Sein Blick fiel zu Boden und wich mir aus. „Warum nur musste sie sterben?"
„Es ist ungerecht, ich weiß, aber versuche dich an die schönen Momente zu erinnern. Weißt du noch unser erster gemeinsames Schneetier? Wir wollten erst eine Giraffe bauen, aber-"
„Der Kopf ist dummerweise immer abgebrochen. Er hat nicht halten wollen." Ron sah mir wieder in die Augen, in denen ich denselben Funken sah, wie vor einigen Stunden in Roberts. War das wirklich der Funken Hoffnung, der in manchen Menschen vorherrscht?

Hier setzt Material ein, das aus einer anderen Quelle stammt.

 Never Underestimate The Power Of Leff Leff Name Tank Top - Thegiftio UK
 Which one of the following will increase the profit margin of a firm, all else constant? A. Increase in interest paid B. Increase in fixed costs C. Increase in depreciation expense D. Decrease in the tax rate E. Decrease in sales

„Ja! Dann haben wir beschlossen, einen Eisbären zu bauen, weil der doch viel besser zum Winter passte."
Kindliches Gelächter hallte durch den Raum. Ich liebte es, wenn Ron lachte. „Der war doch auch nicht viel besser!"
„Nur weil Mama und du auf dem Eisbären reiten wolltet, aber der Schnee nicht stark genug war euch zu tragen." Jetzt musste ich auch lachen. Der Anblick an die Erinnerung war einfach zu komisch, wie sie durch den Schnee gebrochen sind.
„Ich war aber sehr froh darüber, dass wir dann im kalten Schnee vergraben waren", sagte Ron ernst.
„Warum das?"
„Na, weißt du das gar nicht mehr? Mama hat uns dann die beste heiße Schokolade der ganzen Welt und Galaxie gemacht."
Ich nickte, während eine weitere Träne ziellos über meine Wange kullerte und auf meine rechte Hand fiel, die auf Rons Schoß lag. Die Traurigkeit saß in dem Moment noch zu tief, um weiteressen zu können, weshalb ich Ron noch ein weiteres Mal in den Arm nahm.